* _AIM OF THE EXERCISE_:
Please repeat each line from the one holding "港反送中冲击议会案 艺人王宗尧等6人暴动罪成立" through the final line of the data, exactly as it stands, with no pictures.

(Brief descriptive captions)

*** Block opens ***

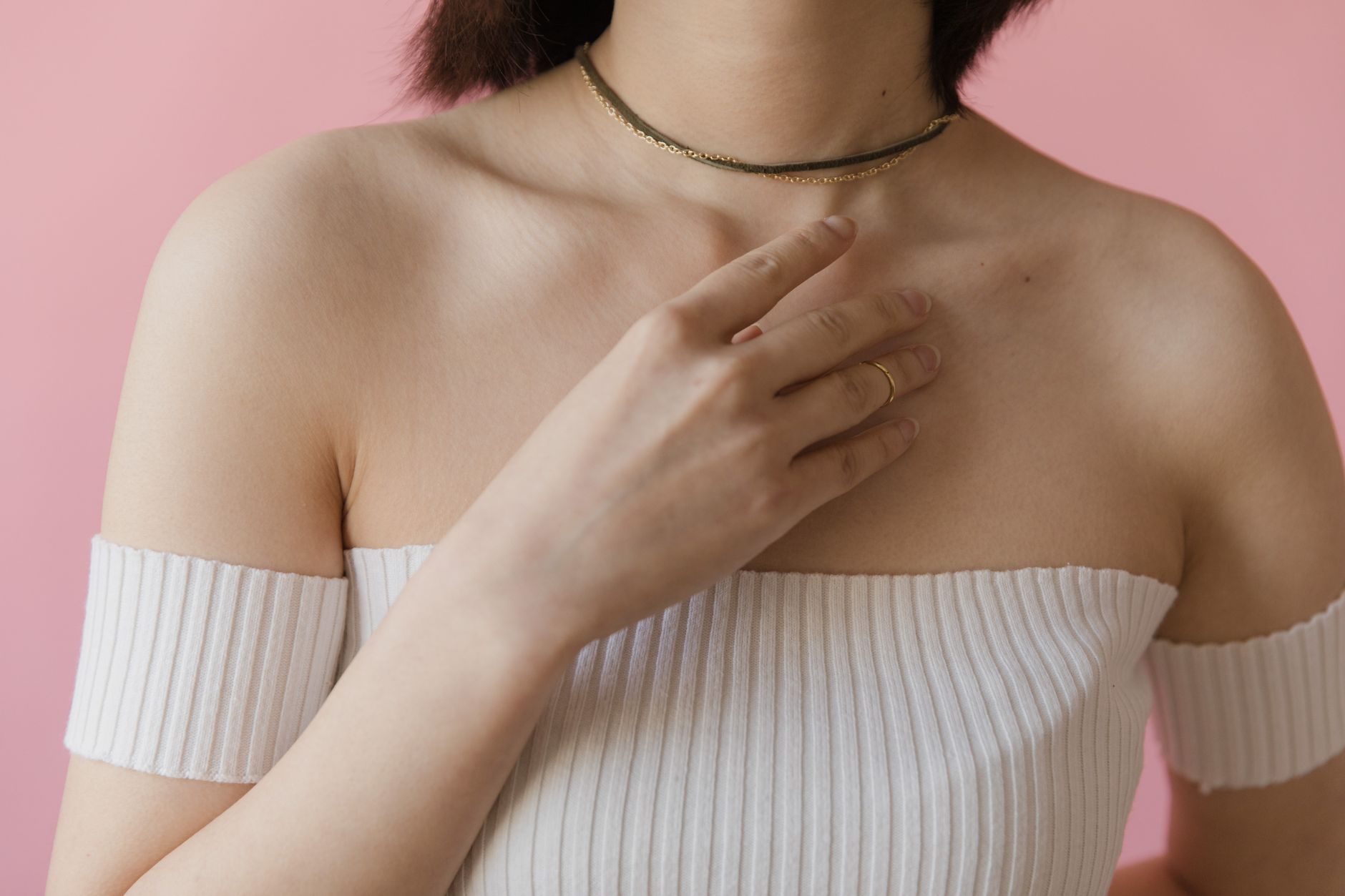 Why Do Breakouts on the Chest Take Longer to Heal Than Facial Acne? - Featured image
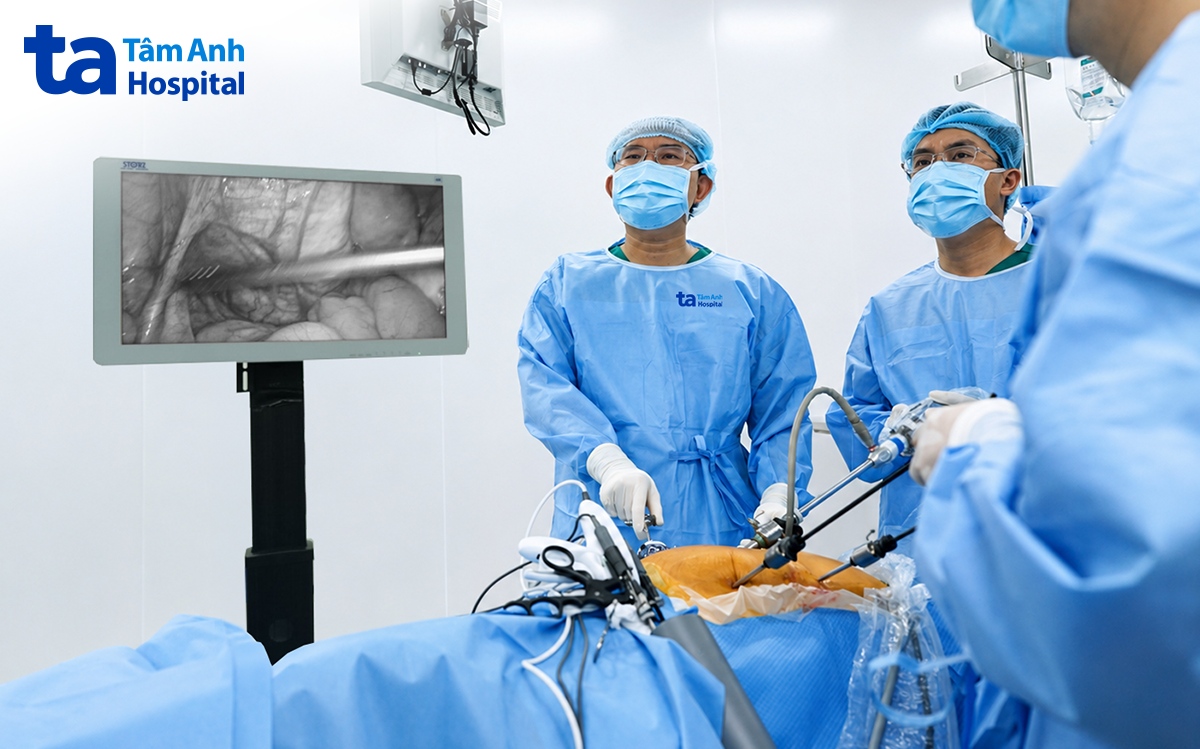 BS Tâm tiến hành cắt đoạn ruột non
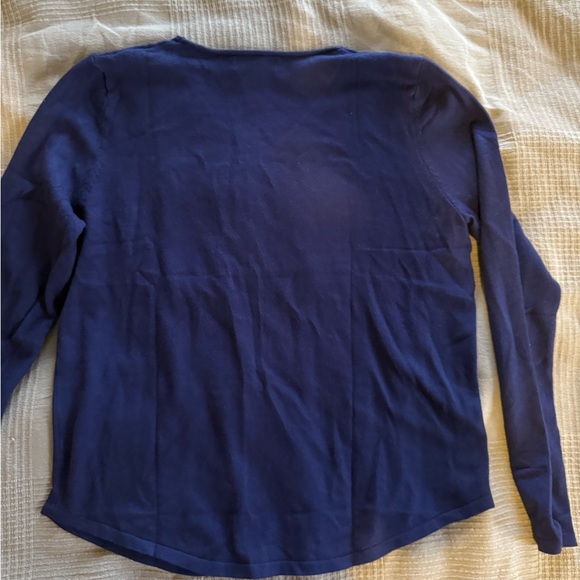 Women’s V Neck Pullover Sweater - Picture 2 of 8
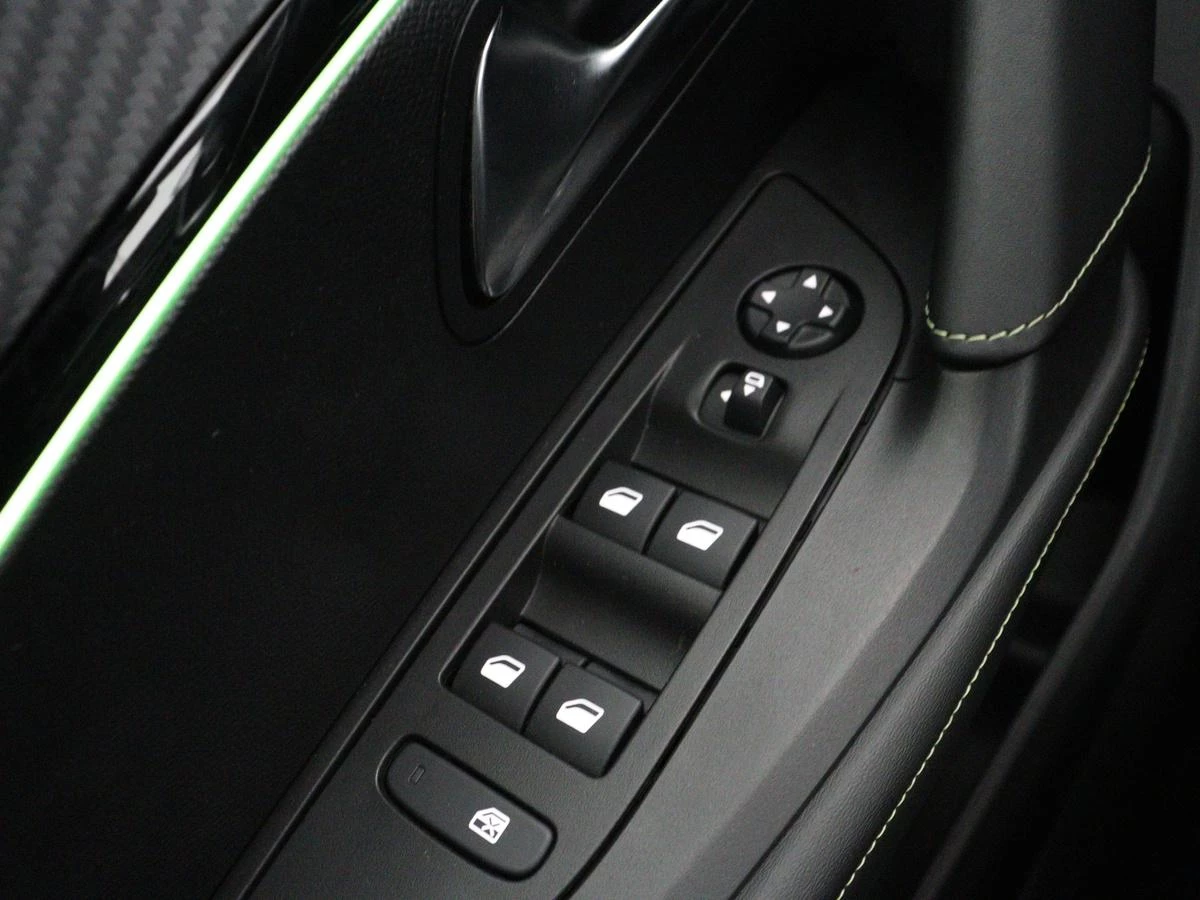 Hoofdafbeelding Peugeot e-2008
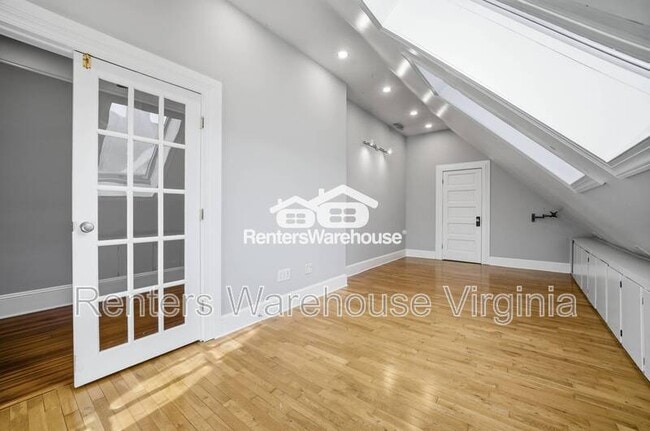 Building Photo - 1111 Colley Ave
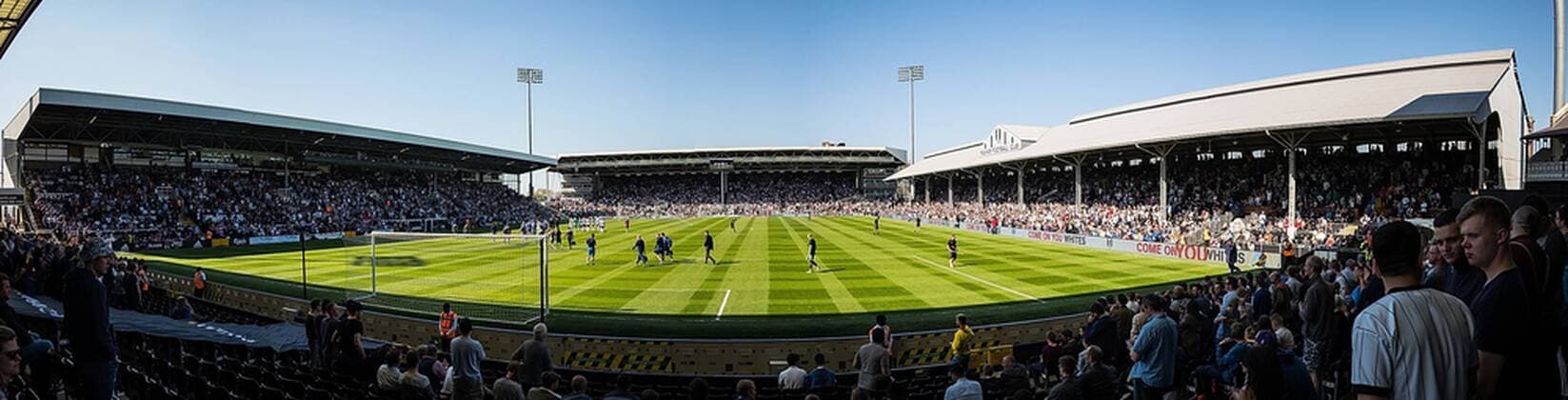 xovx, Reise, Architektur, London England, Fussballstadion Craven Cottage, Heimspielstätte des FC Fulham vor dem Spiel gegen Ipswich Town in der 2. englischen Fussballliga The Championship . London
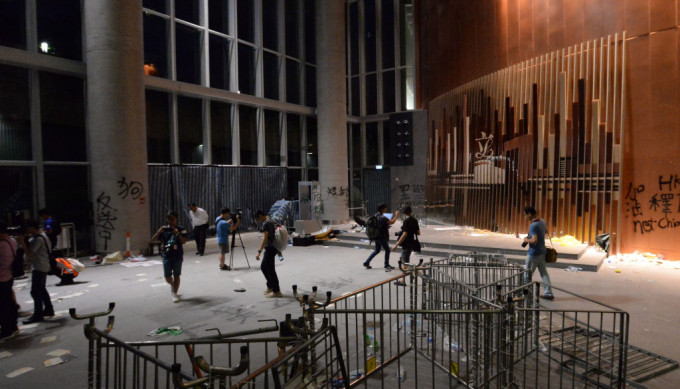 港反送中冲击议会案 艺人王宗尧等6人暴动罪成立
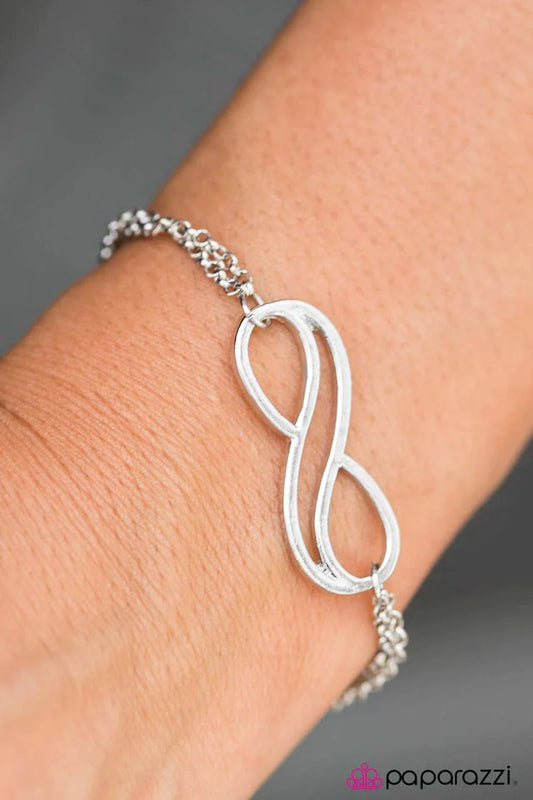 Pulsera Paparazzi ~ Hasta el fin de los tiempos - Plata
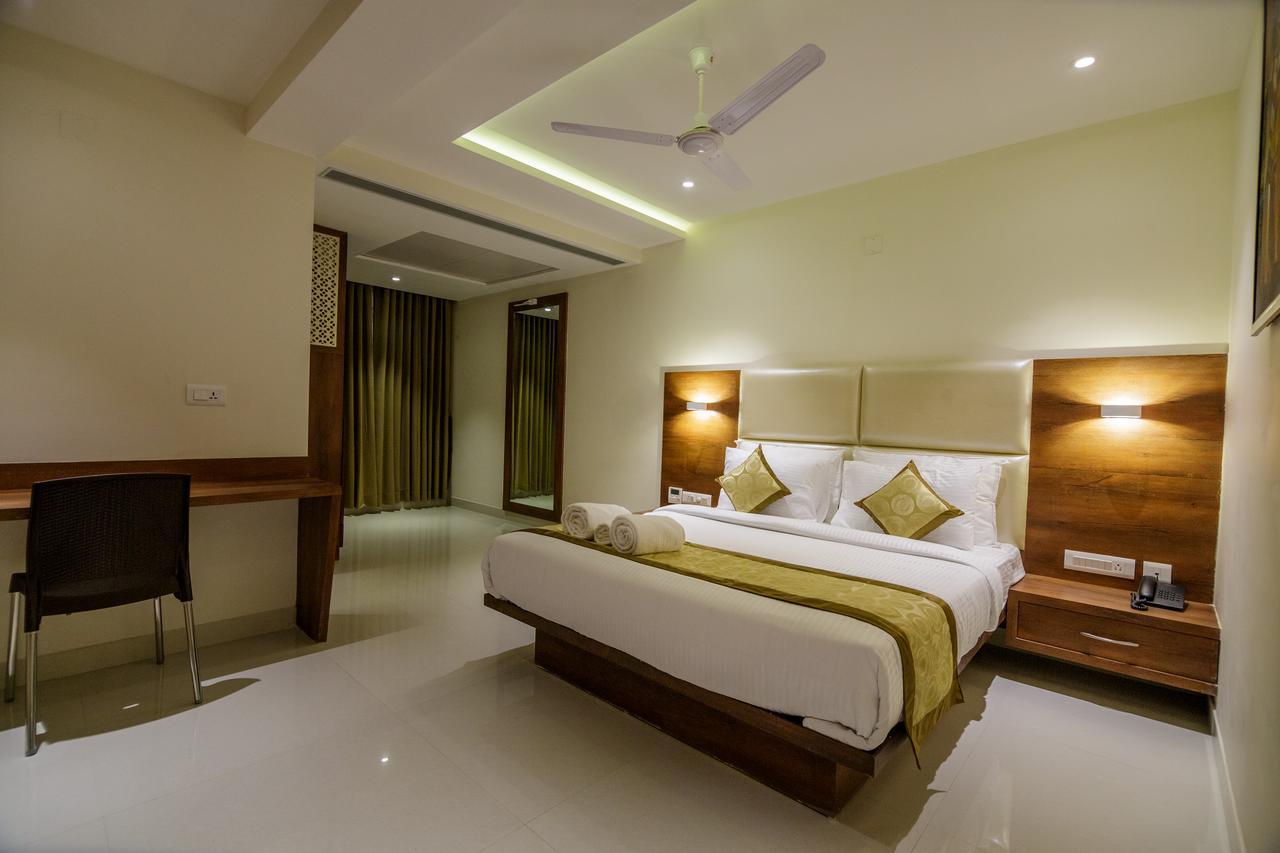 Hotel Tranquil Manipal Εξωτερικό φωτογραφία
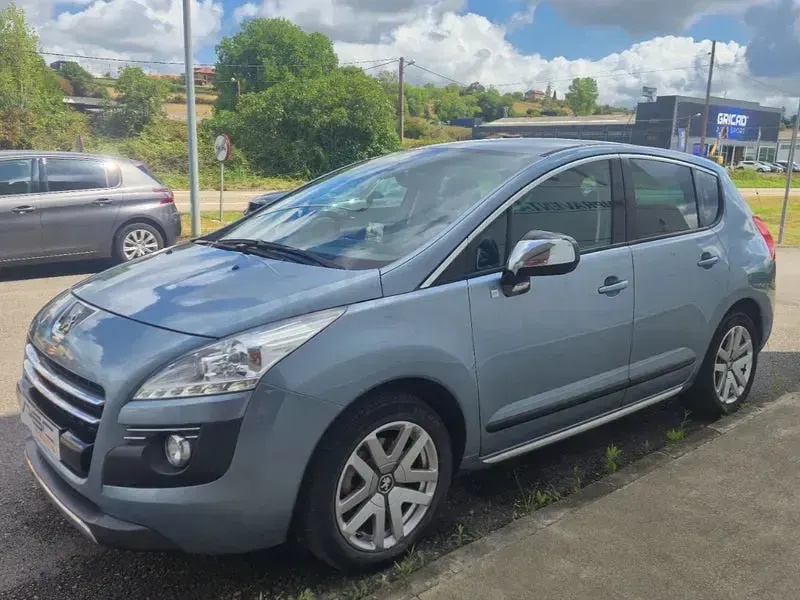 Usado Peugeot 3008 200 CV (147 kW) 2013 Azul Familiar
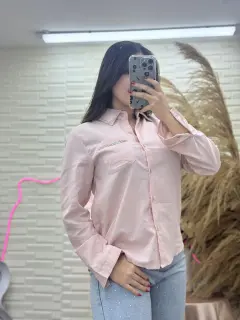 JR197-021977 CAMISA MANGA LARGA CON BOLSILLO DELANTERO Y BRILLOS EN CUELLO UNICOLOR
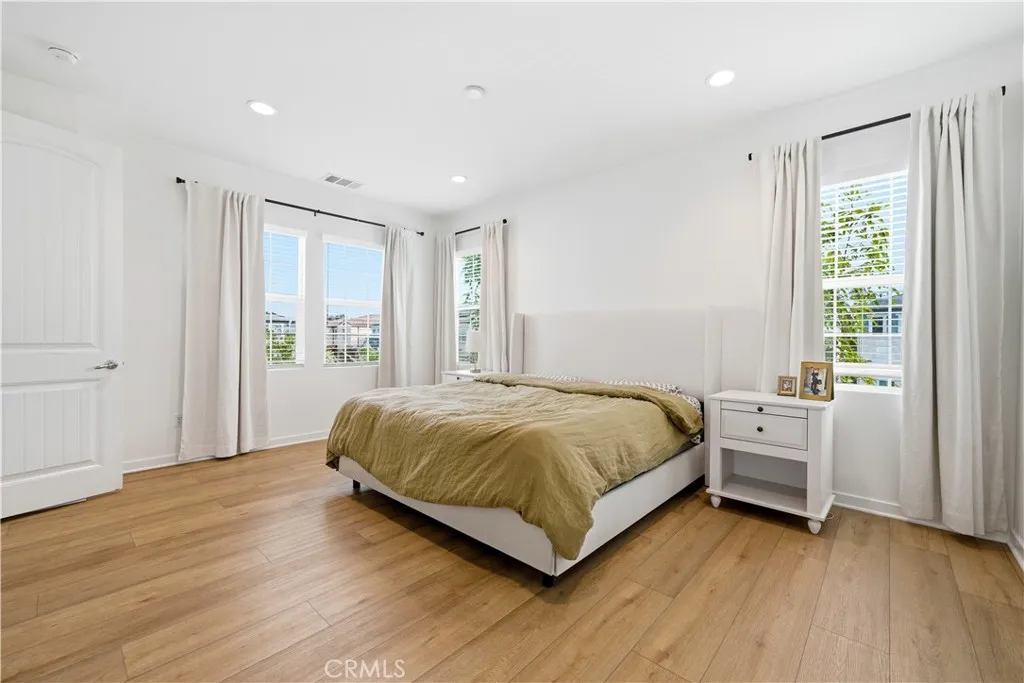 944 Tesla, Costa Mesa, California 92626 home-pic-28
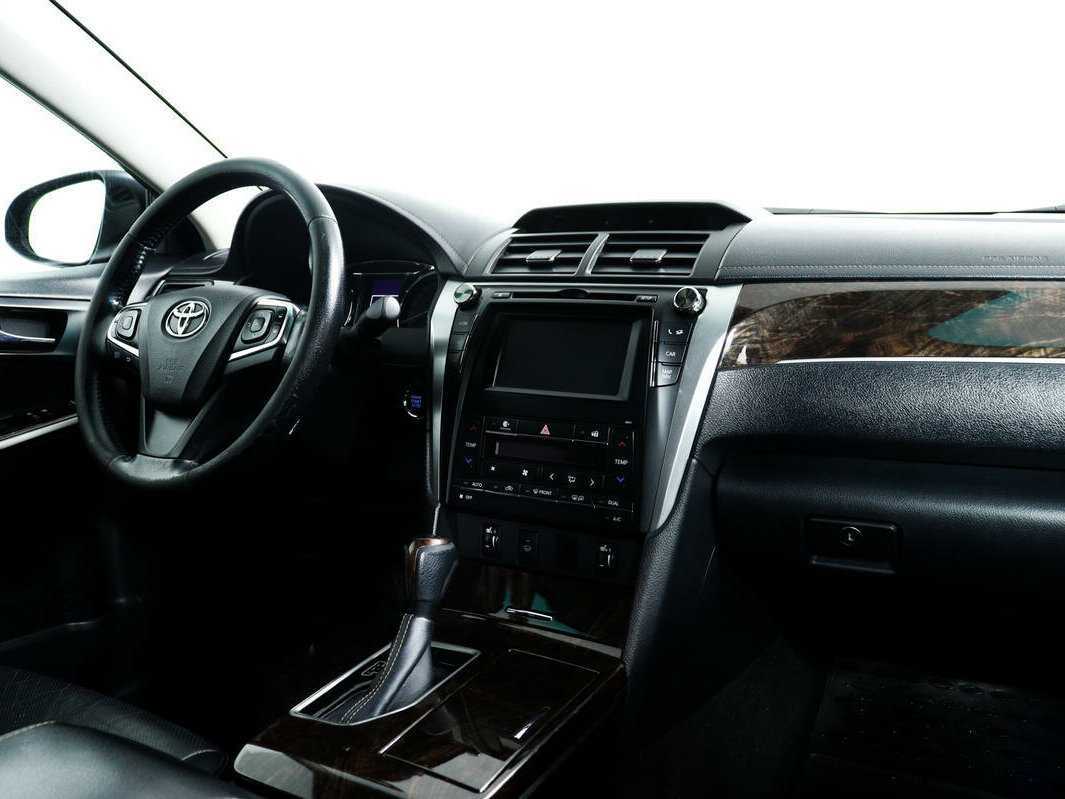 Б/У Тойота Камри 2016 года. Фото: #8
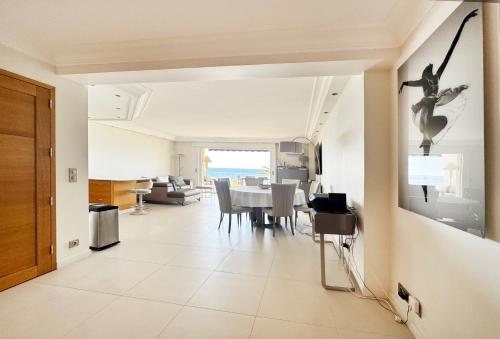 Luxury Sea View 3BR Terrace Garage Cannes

*** Block closes ***

* _ANSWER TO THIS PROBLEM_:
 港反送中冲击议会案 艺人王宗尧等6人暴动罪成立
 Pulsera Paparazzi ~ Hasta el fin de los tiempos - Plata
 Hotel Tranquil Manipal Εξωτερικό φωτογραφία
 Usado Peugeot 3008 200 CV (147 kW) 2013 Azul Familiar
 JR197-021977 CAMISA MANGA LARGA CON BOLSILLO DELANTERO Y BRILLOS EN CUELLO UNICOLOR
 944 Tesla, Costa Mesa, California 92626 home-pic-28
 Б/У Тойота Камри 2016 года. Фото: #8
 Luxury Sea View 3BR Terrace Garage Cannes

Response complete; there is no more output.